### Task description
Quote all of the data exactly as given. Skip every picture it contains.

### Data provided
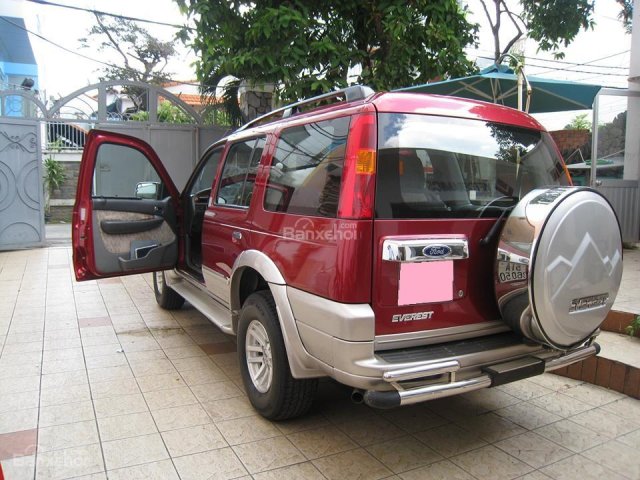 Cần bán xe Ford Everest 2006 MT, máy dầu, màu đỏ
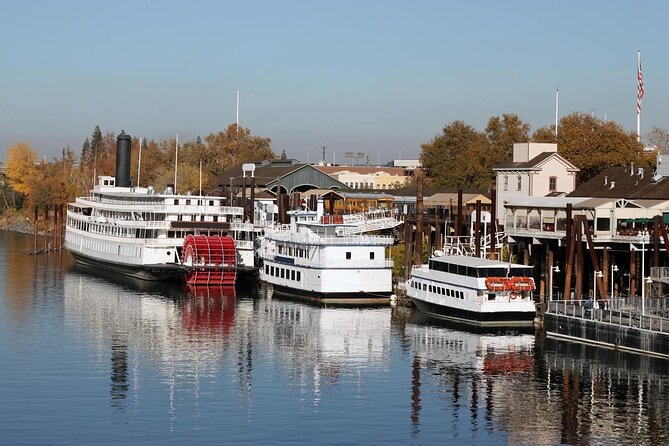 Festive Ornaments and Sparkling Delights Tour in Sacramento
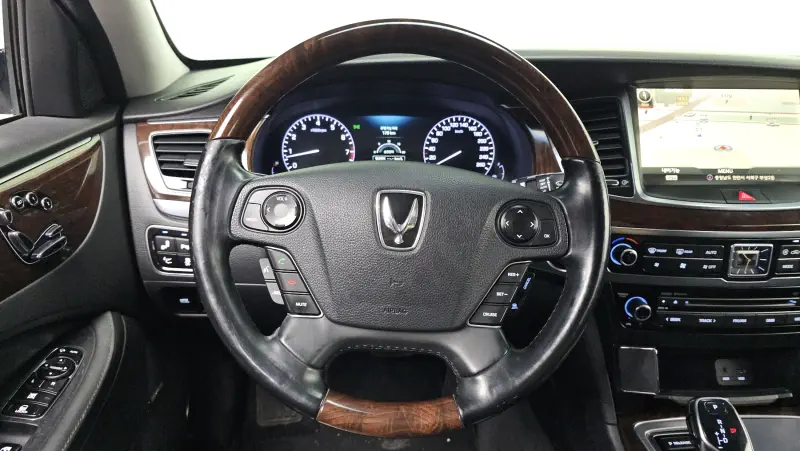 Hyundai Equus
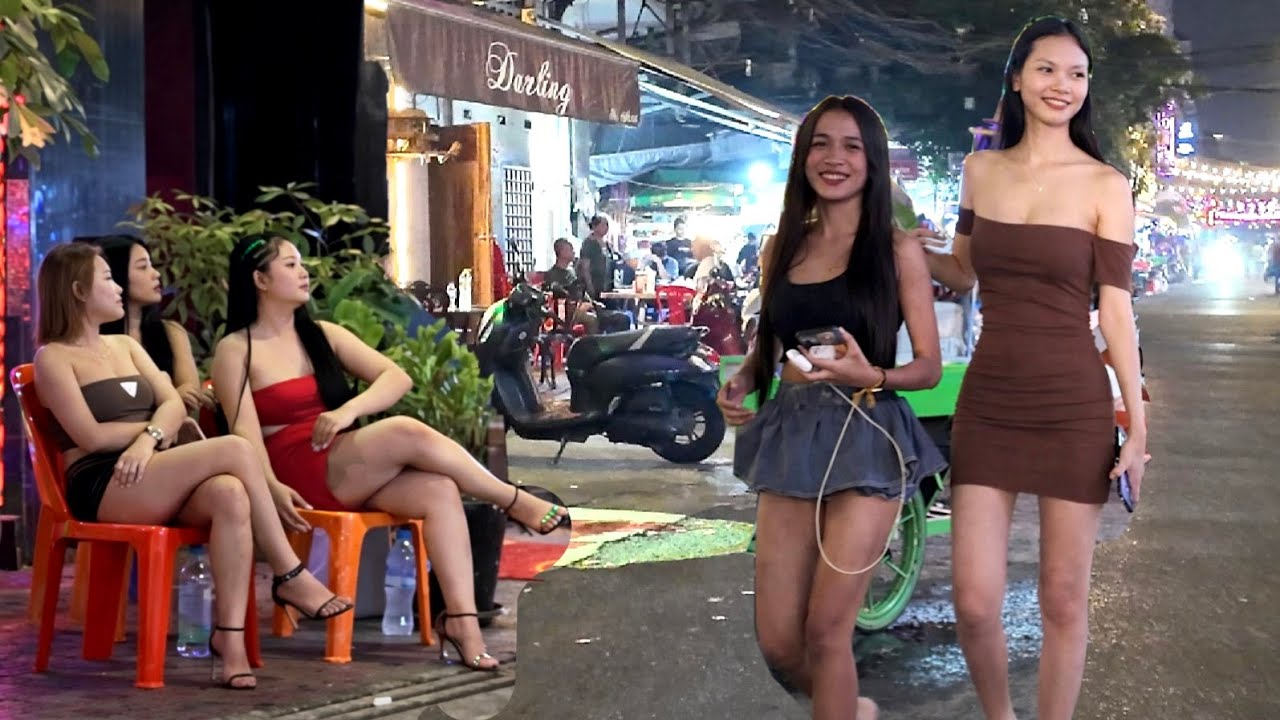 Cambodia's Nightlife 2026: Walking Tour Exploring Phnom Penh City's Streets at Night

### Answer to this exercise
 Cần bán xe Ford Everest 2006 MT, máy dầu, màu đỏ
 Festive Ornaments and Sparkling Delights Tour in Sacramento
 Hyundai Equus
 Cambodia's Nightlife 2026: Walking Tour Exploring Phnom Penh City's Streets at Night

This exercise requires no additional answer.